Correct computations on ZSets

In words: if we execute query Q on input I we get the exact same result as if we convert I to a Z-set, compute using Q Z, and then convert the result to a table. This should be true for any input table I.

Notice that this rule does not say anything about what Q Z does when the input is a Z-set that does not represent a table. For these cases our function can do anything. But we will strategically chose implementations that give useful results even when the weights are negative.

Implementing database computations on Z-sets

All the code in this blog post is available in the Feldera repository in the org.dbsp.simulator Java namespace. In particular, all the following methods are in collections/ZSet.java.

Filtering (SQL WHERE)

For the first task we consider filtering, which is expressed in SQL as the WHERE clause in a query, e.g.: SELECT * FROM T WHERE T.COL > 10. Which rows of the input table are preserved in the result is decided by a predicate, which is a function that computes a Boolean value for each row of a table. In the previous example the predicate is T.COL > 10. In Java we will use the Predicate<T> interface to describe a predicate. The filtering function on Z-sets can be written as:

public class ZSet<Data, Weight> {
// extending existing class

public ZSet<Data, Weight> filter(Predicate<Data> keep) {
Map<Data, Weight> result = new HashMap<>();
for (Map.Entry<Data, Weight> entry: this.data.entrySet()) {
Weight weight = entry.getValue();
if (keep.test(entry.getKey()))
result.put(entry.getKey(), weight);
}
return new ZSet<>(result, this.weightType);
}
}

The filter function just applies the predicate to each entry in a Z-set; when the predicate is true the entry is added to the result, with its original weight (even if the weight is negative). This clearly gives the correct result when weights are all positive.

Transforming (SQL SELECT)

Let us consider a SQL query with a SELECT statement, without aggregation or grouping. The SELECT statement is followed by a list of expressions that are evaluated for each row of the source collection. The expressions can be simple column expressions SELECT T.COLUMN1 FROM T or they can be complex arithmetic expressions that involve multiple columns: SELECT T.COL1 + T.COL2 FROM T. We define a corresponding method for Z-sets called map: map is given by an arbitrary function, implementing the Java Function<T, R> interface.

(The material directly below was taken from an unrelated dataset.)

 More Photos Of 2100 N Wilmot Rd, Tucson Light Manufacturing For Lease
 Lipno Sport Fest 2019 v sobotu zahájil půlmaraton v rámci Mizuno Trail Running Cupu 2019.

public class ZSet<Data, Weight> {
// extending existing class

public <OData> ZSet<OData, Weight> map(Function<Data, OData> tupleTransform) {
Map<OData, Weight> result = new HashMap<>();
for (Map.Entry<Data, Weight> entry: this.data.entrySet()) {
Weight weight = entry.getValue();
OData out = tupleTransform.apply(entry.getKey());
result.merge(out, weight, this::merger);
}
return new ZSet<>(result, this.weightType);
}
}

Similar to the filter function, the map function is applied to each row and copies the weight of the source row to the destination row.

Let us notice two properties of map:

  • applying map to a Z-set with positive weights will also produce a Z-set with positive weights.

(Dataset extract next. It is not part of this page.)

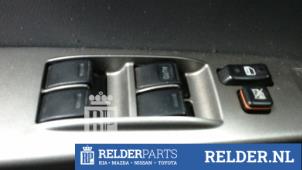 Gebruikte Schakelaar Elektrisch Raam Toyota Prius (NHW20) 1.5 16V Prijs € 35,00 Margeregeling aangeboden door Relder Parts B.V.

  • applying map to a Z-set representing a set (where all the weights are 1) may produce a Z-set where some weights are greater than 1. This is true in SQL as well, where SELECT 1 FROM T will produce a multiset with as many 1 values as there are rows in T.

Cartesian products

The Cartesian product of two sets builds all pairs of elements from two sets. In SQL this can be expressed in multiple ways. The simplest one is to just use multiple tables in the FROM clause: SELECT T.COL1, S.COL1 FROM T, S. This is also called a cross-join.

We implement a slight generalization of the Cartesian product for Z-sets, where the final result is obtained by applying a user-supplied function to each pair of rows. For this purpose we use the Java BiFunction<T, U, R> interface.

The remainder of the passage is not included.